Garden Clippings: Bagworms
Have you ever thought about the wonders that surround us? For instance, technology has brought conveniences that were dreams only a few decades ago. The Internet, which can provide information on almost any subject, is available at the tips of our fingers, cell phones keep us in touch with others, no matter where we are, and debit cards allow us to buy things without having money in our pockets.
However, there are wonders that are even more remarkable than technology, and some have been around for thousands of years.
It’s remarkable that certain birds migrate each year to winter in warmer climates. What a feat it is for my backyard hummingbird, with its tiny wings, to fly thousands of miles each fall and spring.

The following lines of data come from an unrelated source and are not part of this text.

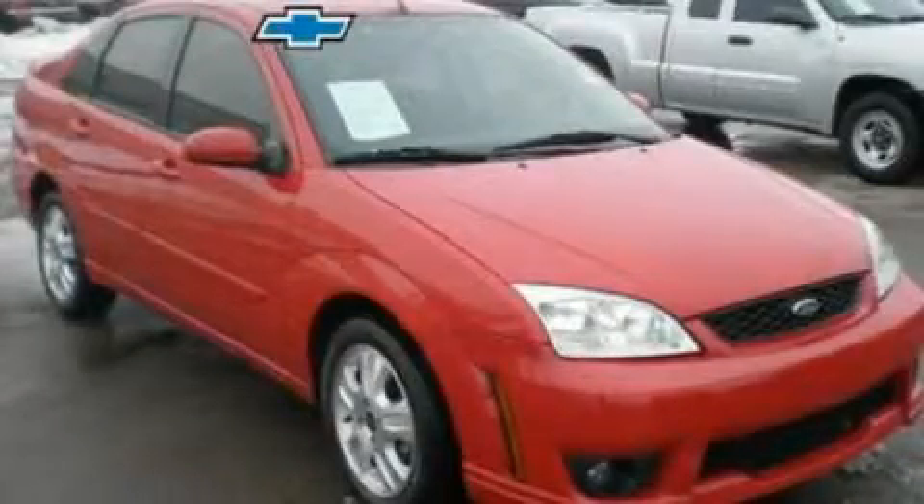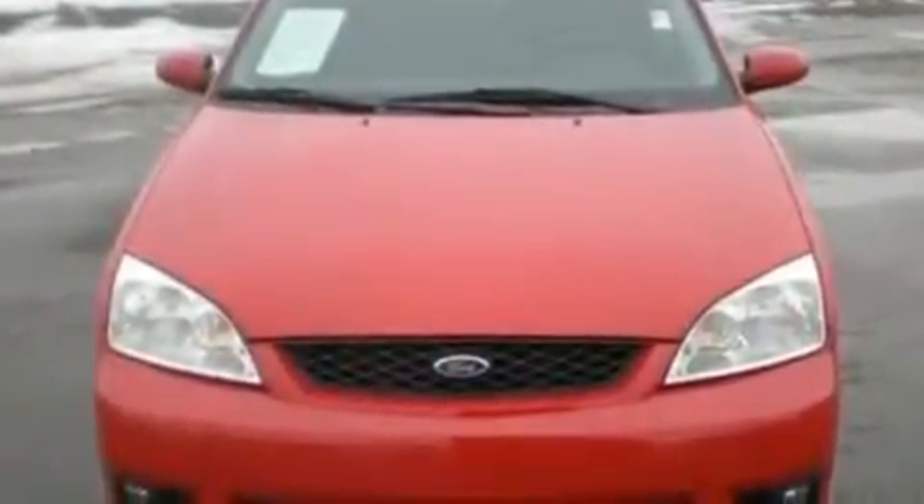Another fine vehicle offered by Blossom Chevrolet. This is a 2007 Ford Focus. It has a 2.3-liter four-cylinder engine and a five-speed manual transmission.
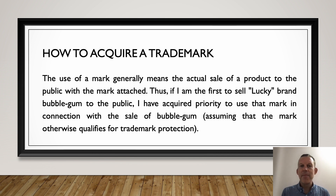If we use a trademark in commerce — meaning that we have packaged our goods and we're selling them to people — then that trademark has defendable rights in it. If you are the first person to sell Lucky Brand bubblegum to the public, you have acquired priority to use that mark in connection with the sale of bubblegum, assuming the mark otherwise qualifies for trademark protection. But it's that easy: if you're the first to sell that brand, it's yours.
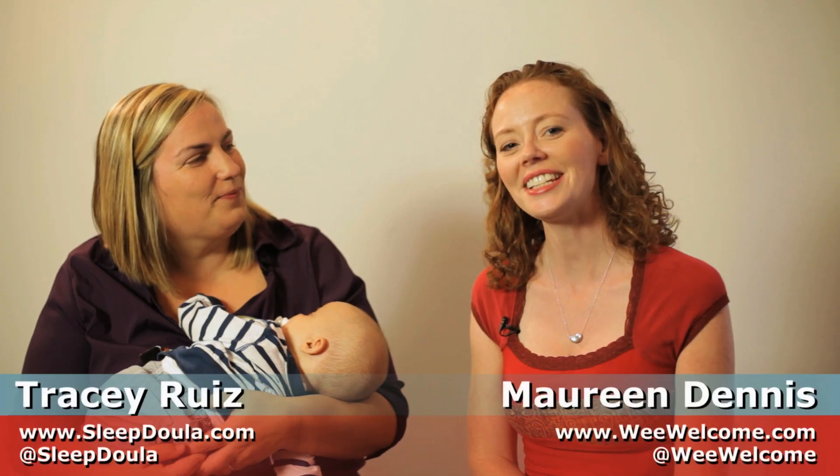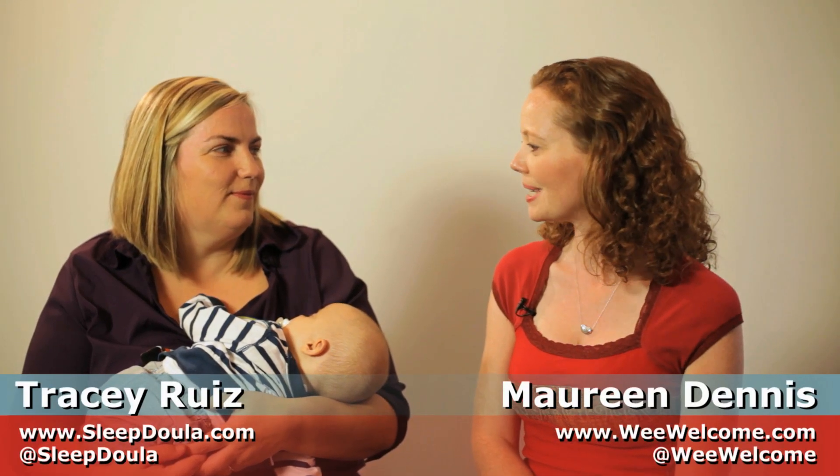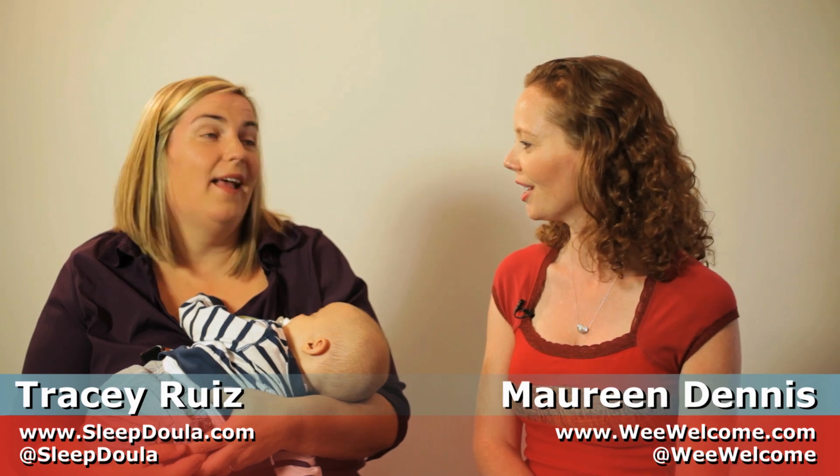Hi, Tracy. Hi, Mo. Tracy is the sleep doula. Getting preschoolers to go to bed and stay in bed all on their own can be quite a challenge. As much fun as toddlers, I would say.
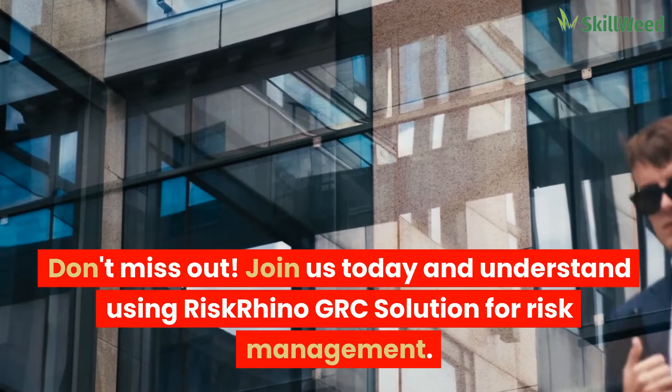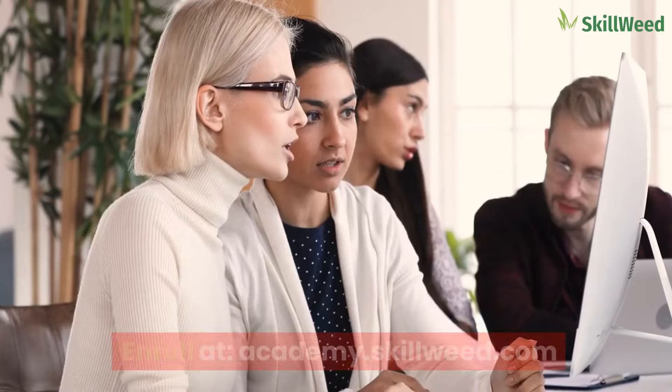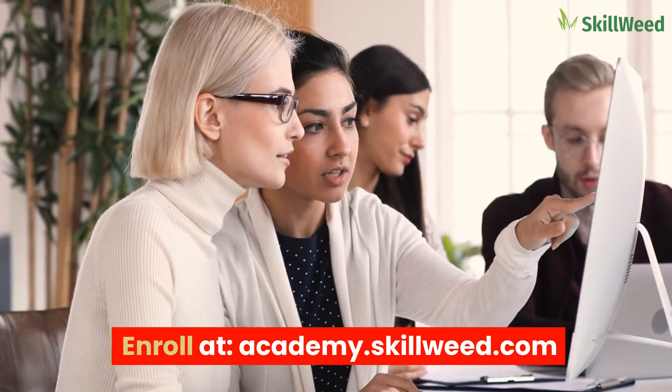Don't miss out. Join us today and understand using RISK Rhino GRC solution for risk management. Enroll at academy.skillweed.com.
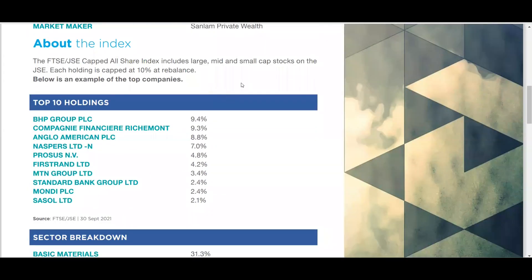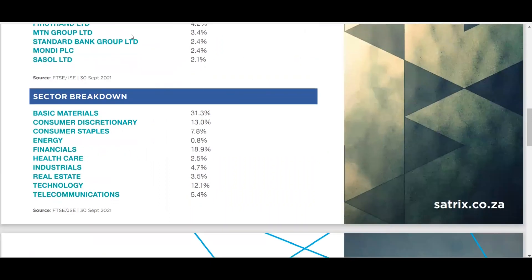When buying ETFs, always check the top 10 holdings of this ETF against the other ETFs already in your portfolio to ensure you're not doubling up. If you buy a Top 40 ETF, an industrial ETF, and then this All Share Capped ETF, you could find yourself holding over 40% in BHP Billiton across your portfolio. That's something you need to pay attention to.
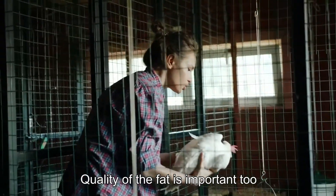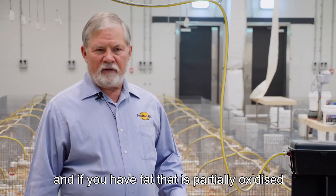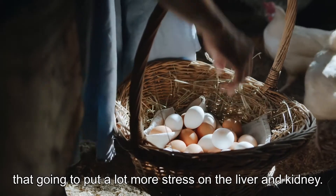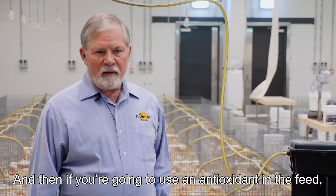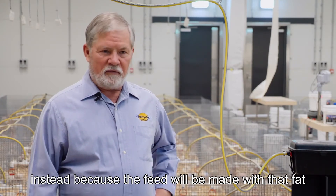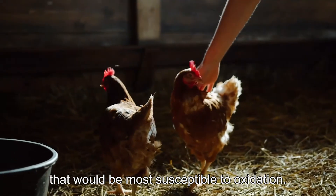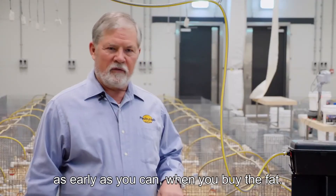The quality of the fat is important too. If you have fat that's partially oxidized, or has a high potential to be oxidized, that's going to put a lot more stress on the liver and kidney. If you're going to use an antioxidant in the feed, you might consider using that antioxidant in the fat instead, because the fat is the ingredient that will be most susceptible to oxidation. So put all your antioxidant in the fat as early as you can when you buy the fat.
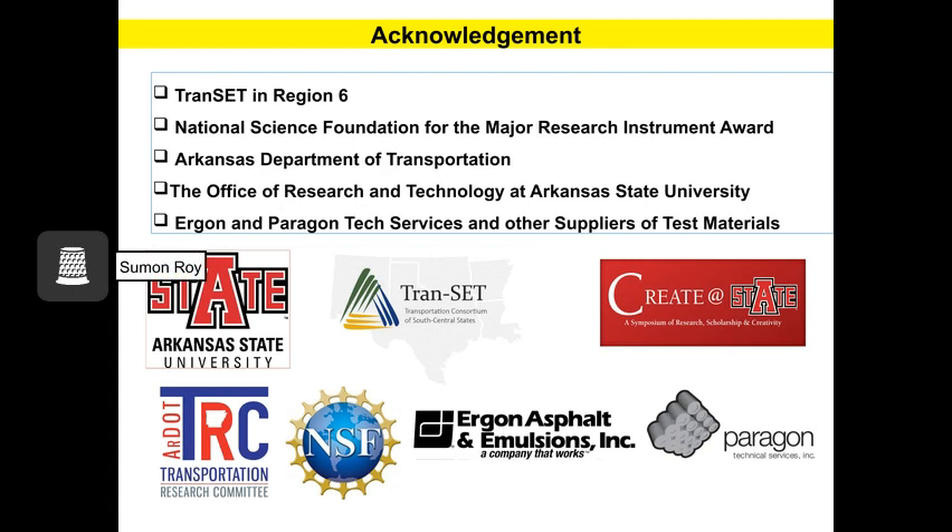I would like to acknowledge EPSCoR Zone 6, NSF, the Arkansas Department of Transportation, the Office of Research and Technology at ASTATE, Ergon and Paragon Tech Services, and other suppliers for testing materials. I also acknowledge the peer research team including staff, faculty members, judges, and their time and effort to make this conference successful and for giving me the opportunity to present my research. Thank you all.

It’s amazing that the mole, a mammal that evades a gardener’s trap so well, does not have the use of sight.
But some of the most astonishing characteristics of any group in nature belong to the insect group. A grasshopper can leap a distance over 20 times its length. If I could do that, it would be about a 120-foot jump. The Monarch butterfly migrates even farther than my hummingbird. But one of the most unique insects in the garden is the bagworm.
Bagworms are the scourge of gardens in the eastern half of the United States. If their voracious appetites don’t destroy a host plant’s foliage and ruin its aesthetic appeal, then the bag will remain on the plant for several years giving it an ugly Christmas tree ornament look. But I do admire the insect for the distinctive way it lives.
For those of us who live in areas the bagworm calls home, now is the time the insects become active. The caterpillars feed on many plants, but are most detrimental to evergreens. Deciduous plants attacked by the insect will lose foliage from the feeding and re-leaf, but evergreen plants can be ruined if feeding populations are high enough.
The life cycle of this insect is fascinating and worth knowing about for the purpose of eradication and control. Eggs hatch in late spring, and small caterpillars emerge from the bags created the previous year. The small larvae spin a thread of silk and drop down on foliage, or are caught by the wind and carried to neighboring areas. Once the caterpillars begin feeding, they form a bag around themselves with the silk and pieces of foliage from the plant they’re attached to.
The bagworm will feed until around mid-August. After that, the male will emerge from the bag as a moth and fly about seeking females in the bags. The female will lay 300 to 1,000 eggs, which will winter in the bag until the process starts over again.
Bagworms can be controlled culturally, biologically or chemically. Cultural control is achieved by simply picking off the bags in the fall and destroying them. This will improve the appearance of the landscape, as well as rid the garden of the hundreds of eggs in each bag.
The use of a bacterium (Bacillus thuringiensis, or what is commonly called Bt) in a nonchemical spray is effective in controlling the insects while they are young. However, it has little effect once they begin to mature.
There are many chemicals labeled for control of this insect, and all are effective if applied while the worms are small. Sevin, Malathion and Orthene are a few. Sevin is very effective before the worms mature, and it isn’t that unpleasant to apply. Orthene will do a good job if the caterpillars are older, but it has an offensive odor.
Because bagworms live inside the bag and retreat to the shelter at any disturbance, a spray application of any chemical must be applied before feeding stops in late summer if it is to be effective. Sprays will not penetrate the bag, which means the pesticide needs to be taken in by feeding.
It’s no wonder this insect is so successful in populating our landscapes. It has few natural enemies, and it has unique survival instincts.